On 8/11/07, Brion Vibber <brion(a)wikimedia.org> wrote:
Worth taking a look at, though I wonder why the people
working on
Mayflower aren't:
1) Active in the development list or IRC channel
2) Committing their code to SVN
So how do you suggest a search for commons be integrated when it can't
work off the current production database alone?
Mayflower uses a periodic text extract from commons which is passed
through a stemmer, then the most frequent terms get stop-worded to
prevent index bloat. Incremental updates of the full text part of
MayFlower aren't possible as currently designed.

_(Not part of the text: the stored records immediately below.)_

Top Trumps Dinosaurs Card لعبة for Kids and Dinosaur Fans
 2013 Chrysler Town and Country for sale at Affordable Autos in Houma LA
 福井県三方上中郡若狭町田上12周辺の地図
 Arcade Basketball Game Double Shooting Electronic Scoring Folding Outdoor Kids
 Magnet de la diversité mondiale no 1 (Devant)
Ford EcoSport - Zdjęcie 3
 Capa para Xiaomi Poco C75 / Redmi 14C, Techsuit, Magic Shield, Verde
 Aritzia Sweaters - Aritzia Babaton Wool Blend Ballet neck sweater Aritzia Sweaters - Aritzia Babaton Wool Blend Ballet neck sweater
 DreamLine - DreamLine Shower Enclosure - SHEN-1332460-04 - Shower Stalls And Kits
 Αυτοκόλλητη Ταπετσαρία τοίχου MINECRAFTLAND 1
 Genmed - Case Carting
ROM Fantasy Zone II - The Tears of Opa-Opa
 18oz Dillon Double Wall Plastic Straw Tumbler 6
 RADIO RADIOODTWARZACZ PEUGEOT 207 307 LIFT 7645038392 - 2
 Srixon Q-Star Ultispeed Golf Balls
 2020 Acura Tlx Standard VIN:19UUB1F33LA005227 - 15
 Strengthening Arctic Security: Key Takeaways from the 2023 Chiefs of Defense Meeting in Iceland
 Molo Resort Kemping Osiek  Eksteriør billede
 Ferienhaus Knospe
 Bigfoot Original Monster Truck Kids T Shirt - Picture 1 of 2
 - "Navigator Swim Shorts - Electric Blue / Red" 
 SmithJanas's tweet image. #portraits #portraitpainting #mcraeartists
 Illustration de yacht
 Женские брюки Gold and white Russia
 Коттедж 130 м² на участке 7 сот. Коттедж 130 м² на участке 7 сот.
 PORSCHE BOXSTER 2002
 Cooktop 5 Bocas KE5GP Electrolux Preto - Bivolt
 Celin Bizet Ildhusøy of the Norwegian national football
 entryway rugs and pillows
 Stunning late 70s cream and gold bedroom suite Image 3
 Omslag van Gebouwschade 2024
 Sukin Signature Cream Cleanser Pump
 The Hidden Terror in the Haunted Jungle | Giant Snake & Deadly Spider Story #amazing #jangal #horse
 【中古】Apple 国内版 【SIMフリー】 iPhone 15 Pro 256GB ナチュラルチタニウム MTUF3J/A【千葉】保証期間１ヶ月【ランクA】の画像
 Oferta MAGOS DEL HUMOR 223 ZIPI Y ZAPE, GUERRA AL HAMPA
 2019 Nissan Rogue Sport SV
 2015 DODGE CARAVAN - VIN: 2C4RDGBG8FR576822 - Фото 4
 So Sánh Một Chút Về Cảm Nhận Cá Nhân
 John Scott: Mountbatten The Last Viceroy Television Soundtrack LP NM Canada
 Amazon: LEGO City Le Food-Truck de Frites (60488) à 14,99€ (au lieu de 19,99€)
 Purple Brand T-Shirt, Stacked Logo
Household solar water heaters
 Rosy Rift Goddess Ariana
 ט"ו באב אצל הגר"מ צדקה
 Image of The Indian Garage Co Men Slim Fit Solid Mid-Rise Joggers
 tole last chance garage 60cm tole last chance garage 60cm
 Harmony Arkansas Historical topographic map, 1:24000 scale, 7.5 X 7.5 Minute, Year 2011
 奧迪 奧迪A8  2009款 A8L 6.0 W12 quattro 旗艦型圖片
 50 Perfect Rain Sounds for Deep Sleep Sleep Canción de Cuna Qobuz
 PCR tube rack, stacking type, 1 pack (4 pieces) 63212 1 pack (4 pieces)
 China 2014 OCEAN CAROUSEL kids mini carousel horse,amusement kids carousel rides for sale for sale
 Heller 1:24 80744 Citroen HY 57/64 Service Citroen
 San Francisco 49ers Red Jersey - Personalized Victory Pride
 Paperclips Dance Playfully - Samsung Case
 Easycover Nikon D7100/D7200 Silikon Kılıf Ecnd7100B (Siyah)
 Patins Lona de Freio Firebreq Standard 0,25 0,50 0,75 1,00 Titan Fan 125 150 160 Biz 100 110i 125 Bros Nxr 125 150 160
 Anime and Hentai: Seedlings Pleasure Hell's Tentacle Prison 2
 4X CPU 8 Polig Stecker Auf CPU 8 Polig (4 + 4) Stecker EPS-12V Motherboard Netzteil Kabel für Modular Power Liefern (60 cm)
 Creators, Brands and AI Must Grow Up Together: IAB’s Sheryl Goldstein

Since the start of Mayflower Tangotango and I have discussed moving
its backend to the search stuff I've been working on. The backend
stuff I'm using is far faster, doesn't fall over with overly frequent
keys, and handles incremental update just fine. I've finally gotten
around to putting up a web front end for my search stuff, check it
out, Commons version is at
http://tools.wikimedia.de/~gmaxwell/cgi-bin/cattersect.py, enwiki
version is at
http://tools.wikimedia.de/~gmaxwell/cgi-bin/enwiki_cattersect.py
The problem there is that my backend stuff depends on PostgreSQL,
because postgresql provides the inverted indexing which is utterly
required for the qualities of my implementation. So on that case,
again we're in a situation where it's not as simple as "commit it so
SVN" since using that would require a non-trivial addition of software
infrastructure which would have to be carefully considered.